───── TASK DATA ─────
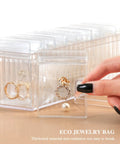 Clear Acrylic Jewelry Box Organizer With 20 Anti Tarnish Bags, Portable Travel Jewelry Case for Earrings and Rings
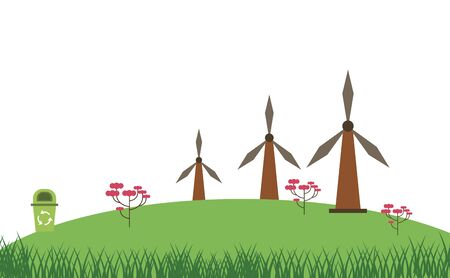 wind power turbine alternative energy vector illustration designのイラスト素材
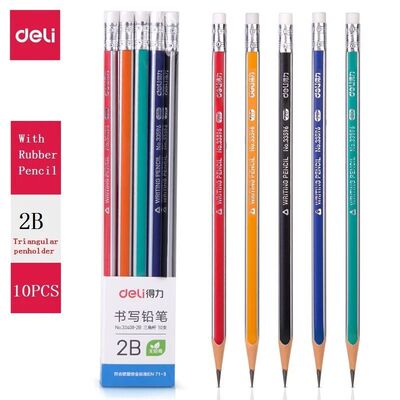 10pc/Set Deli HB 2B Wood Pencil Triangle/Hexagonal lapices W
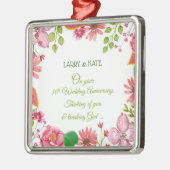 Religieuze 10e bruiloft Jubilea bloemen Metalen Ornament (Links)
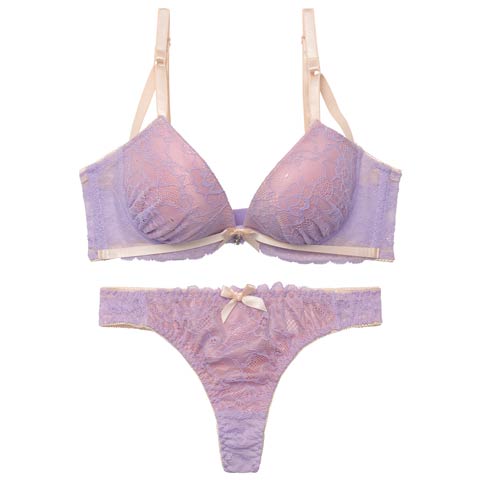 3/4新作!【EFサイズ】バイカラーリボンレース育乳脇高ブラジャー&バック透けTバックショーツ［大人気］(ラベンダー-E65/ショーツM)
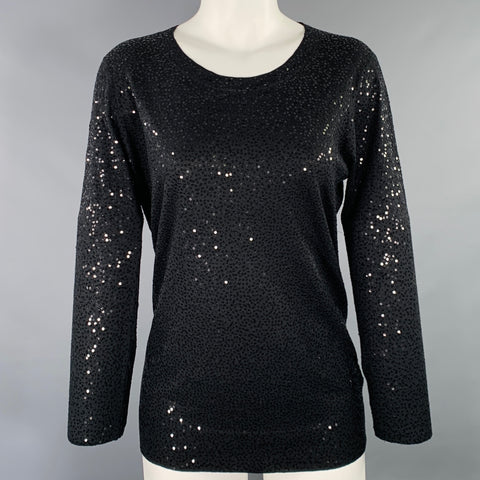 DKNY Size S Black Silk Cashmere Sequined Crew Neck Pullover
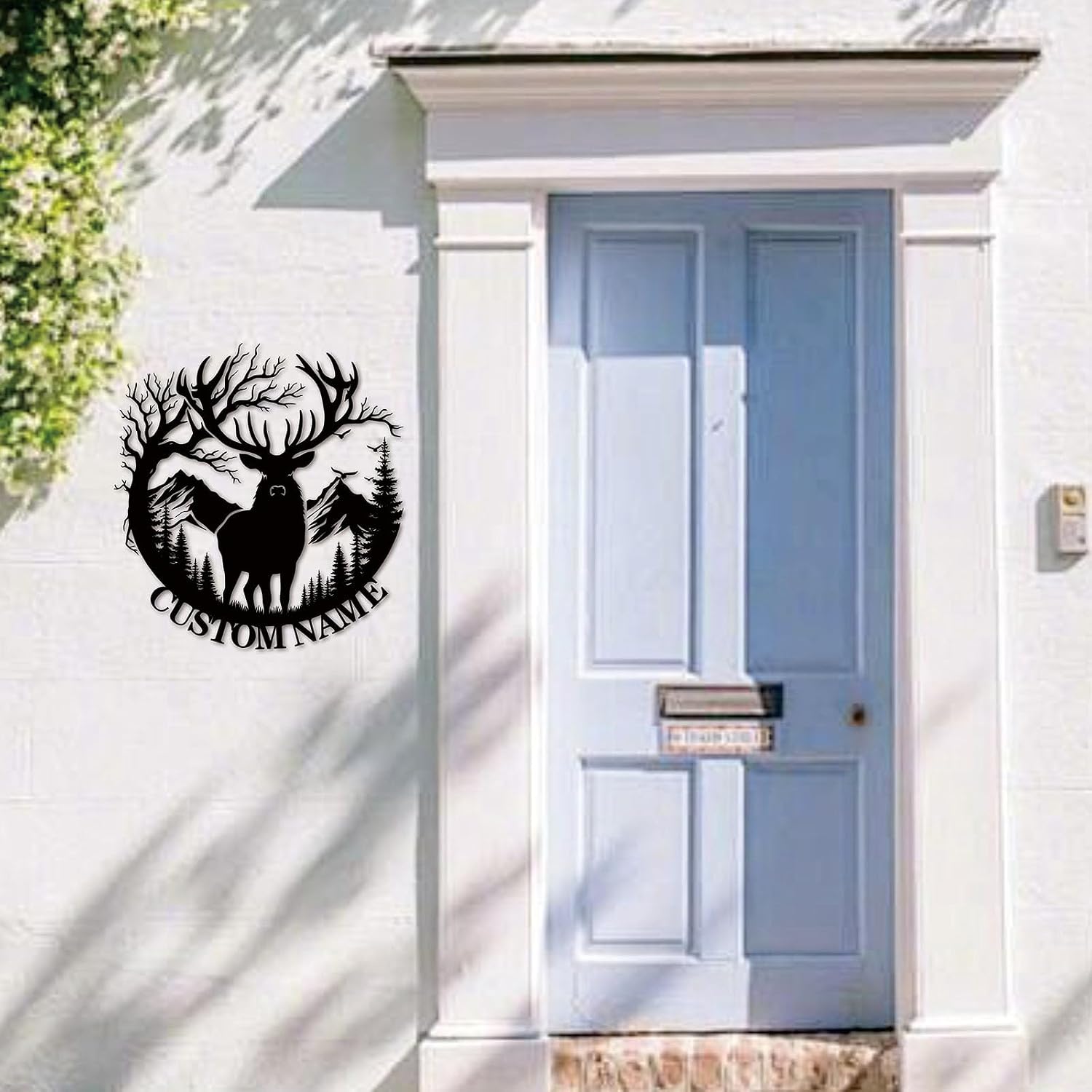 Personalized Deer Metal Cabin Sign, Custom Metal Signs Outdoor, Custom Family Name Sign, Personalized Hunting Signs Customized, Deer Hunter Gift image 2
─────
───── TASK DATA ─────
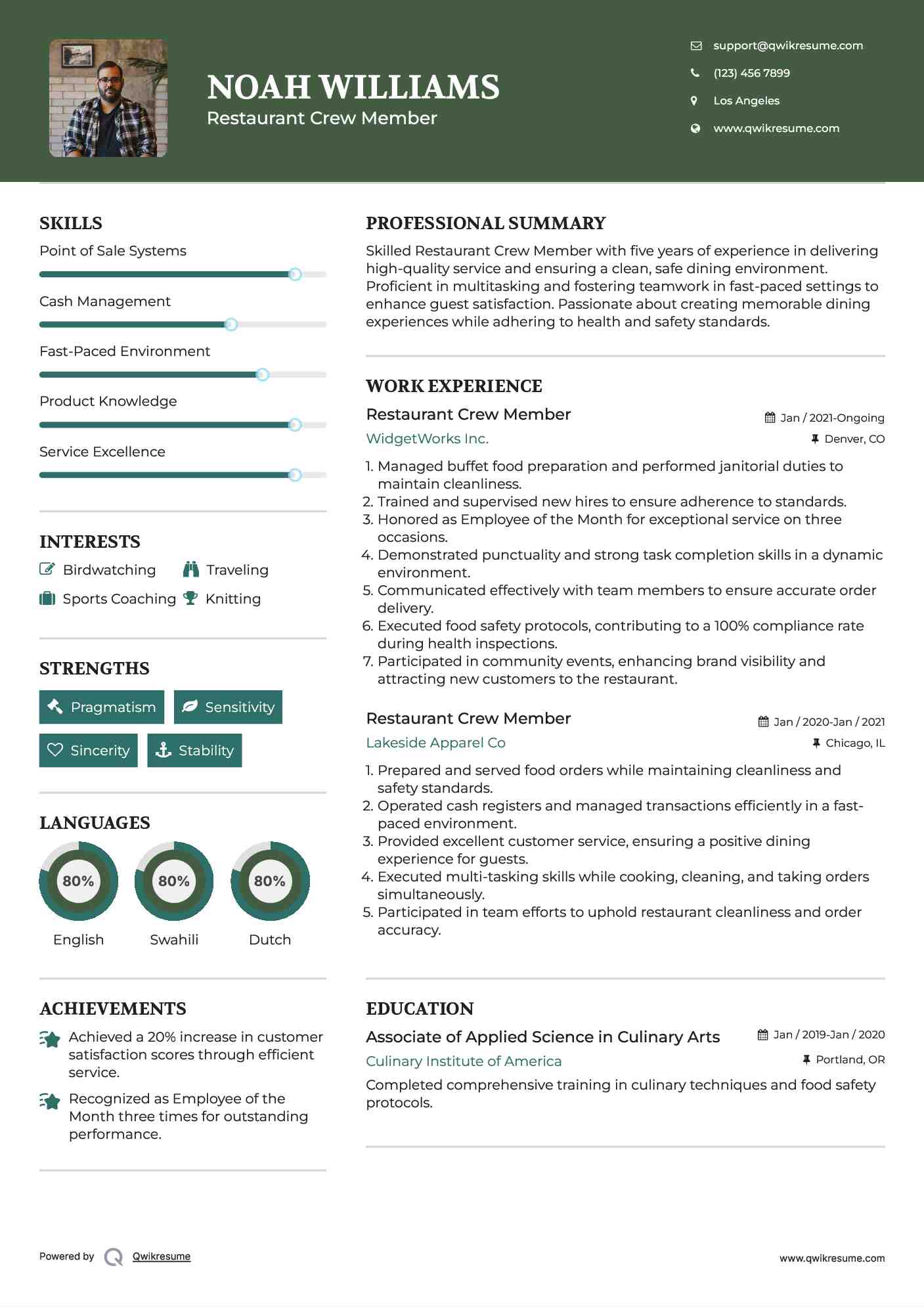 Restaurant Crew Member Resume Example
─────
───── TASK DATA ─────
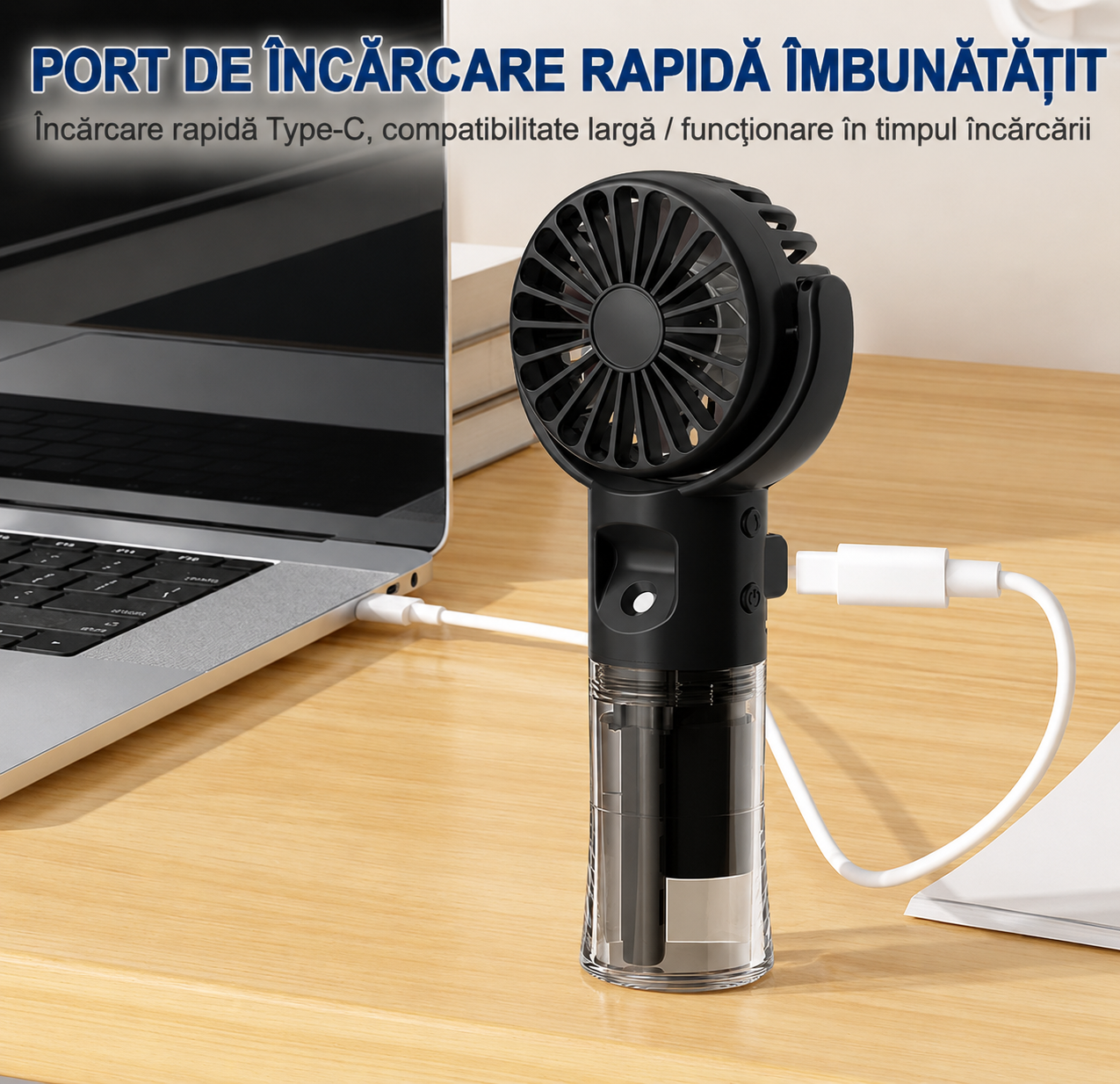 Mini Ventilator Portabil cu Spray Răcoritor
─────
▸ **WORK TO BE COMPLETED**
Your answer should be the lines above, word for word, from the line with "Clear Acrylic Jewelry" through the line with "Personalized Deer Metal", minus the pictures.

▸ **RESPONSE TO THE TASK**
 Clear Acrylic Jewelry Box Organizer With 20 Anti Tarnish Bags, Portable Travel Jewelry Case for Earrings and Rings
 wind power turbine alternative energy vector illustration designのイラスト素材
 10pc/Set Deli HB 2B Wood Pencil Triangle/Hexagonal lapices W
 Religieuze 10e bruiloft Jubilea bloemen Metalen Ornament (Links)
 3/4新作!【EFサイズ】バイカラーリボンレース育乳脇高ブラジャー&バック透けTバックショーツ［大人気］(ラベンダー-E65/ショーツM)
 DKNY Size S Black Silk Cashmere Sequined Crew Neck Pullover
 Personalized Deer Metal Cabin Sign, Custom Metal Signs Outdoor, Custom Family Name Sign, Personalized Hunting Signs Customized, Deer Hunter Gift image 2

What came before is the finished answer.